Berdasar data Dinkes Kota Cirebon, sasaran ORI Campak-Rubella untuk anak usia sembilan bulan hingga kurang dari 13 tahun mencapai 38.730 anak, sementara capaian imunisasi baru 32.893 anak atau 84,9 persen.

Baca Juga: Kejari Kuningan Ajak Masyarakat Ikuti Lelang Barang Rampasan Negara

"Untuk membentuk kekebalan kelompok, cakupan imunisasi perlu mencapai 95 persen sehingga masih terdapat kesenjangan yang harus segera dikejar," ujar Siti Maria Listiawaty.

Menurut dia, upaya tersebut semakin penting setelah ditemukan kasus positif pertusis di Kelurahan Kecapi yang juga berpotensi berkembang menjadi KLB, mengingat campak dan pertusis termasuk penyakit yang dapat dicegah melalui imunisasi.

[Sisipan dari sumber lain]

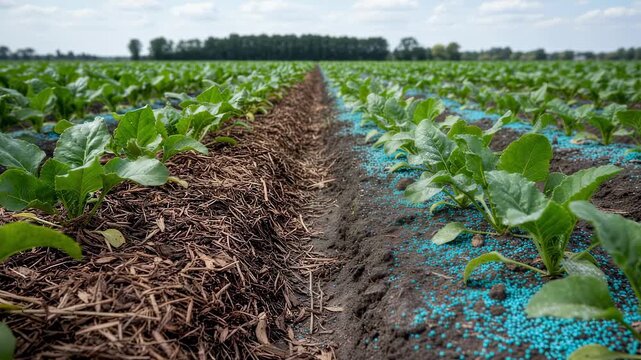 Medium shot capturing the contrast between organic mulch and synthetic fertilizer application on adjacent sugar beet rows emphasizing different fertilization methods.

Dalam pelatihan, kata dia, kader memperoleh materi komunikasi mengenai imunisasi dari Forum Komunikasi Antar Pribadi (KAP) Jakarta, dengan penekanan pada cara membangun kedekatan, mendengarkan kekhawatiran, dan mendorong komitmen orang tua.

“Kader juga dilatih menggunakan cerita dan perumpamaan sederhana serta bermain peran untuk menghadapi berbagai keraguan orang tua, termasuk mengenai demam setelah imunisasi, kehalalan vaksin, dan anggapan bahwa ASI serta gizi sudah mencukupi,” ungkap Siti Maria Listiawaty.

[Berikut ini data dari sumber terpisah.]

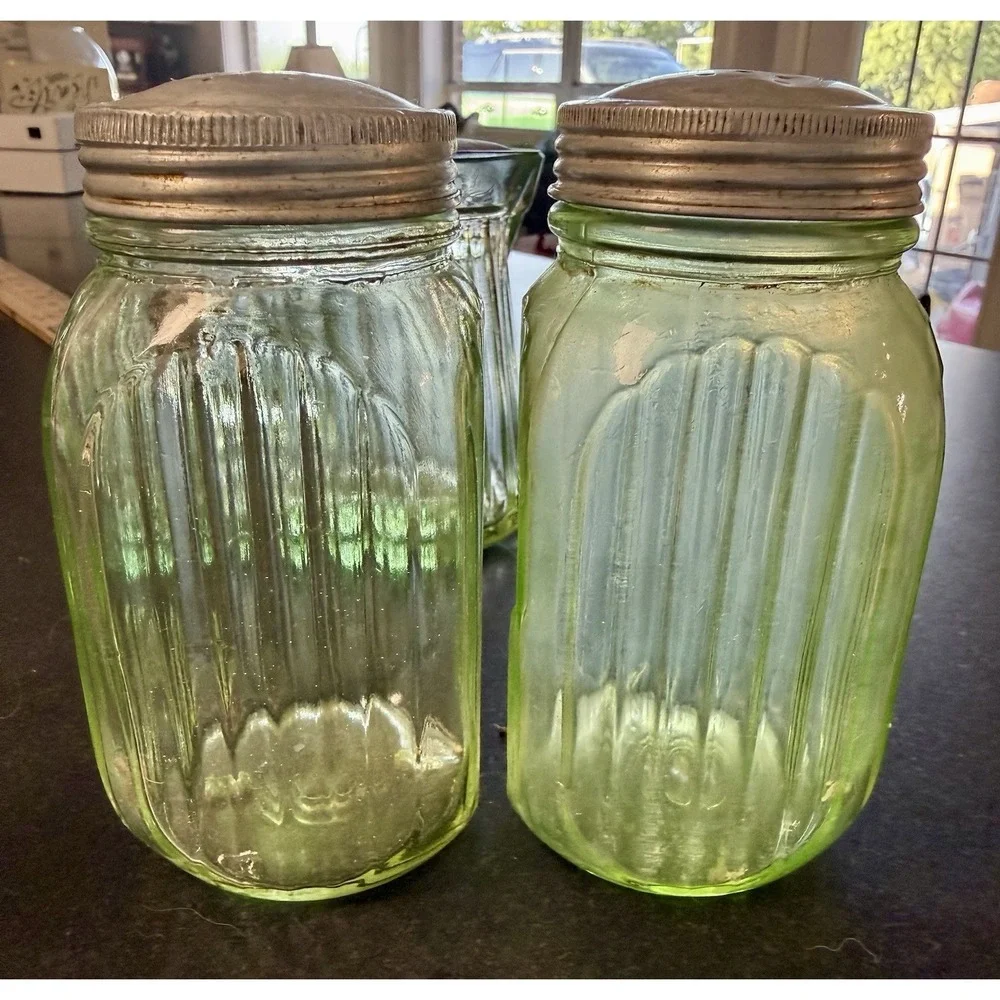 Vintage Uranium Vaseline Glass Kitchen Set Shakers Syrup Pitcher 6 Pc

Dia menuturkan pendekatan tersebut diarahkan agar kader mampu memberikan penjelasan berdasarkan informasi yang benar, sekaligus membantu masyarakat memahami manfaat imunisasi tanpa menggunakan cara yang memaksa.

"Kami ingin kader dapat menjadi penggerak di lingkungannya, termasuk meluruskan informasi yang keliru dan membantu orang tua memahami pentingnya imunisasi bagi anak," terang Siti Maria Listiawaty.

Baca Juga: Pemkot Cirebon Perketat Pengawasan Aktivitas Pengamen Jaga Ketertiban

Sebagai tindak lanjut, kader akan menyampaikan edukasi melalui posyandu, pertemuan warga, pengajian, kunjungan rumah, pengumuman mushola, serta grup komunikasi RT dan RW, kemudian melaporkan capaian dan kendala kepada puskesmas.

“Kami berharap penguatan kader tersebut mampu mempercepat peningkatan cakupan imunisasi, memutus rantai penularan campak, dan mendukung pencabutan status KLB,” ucap Siti Maria Listiawaty.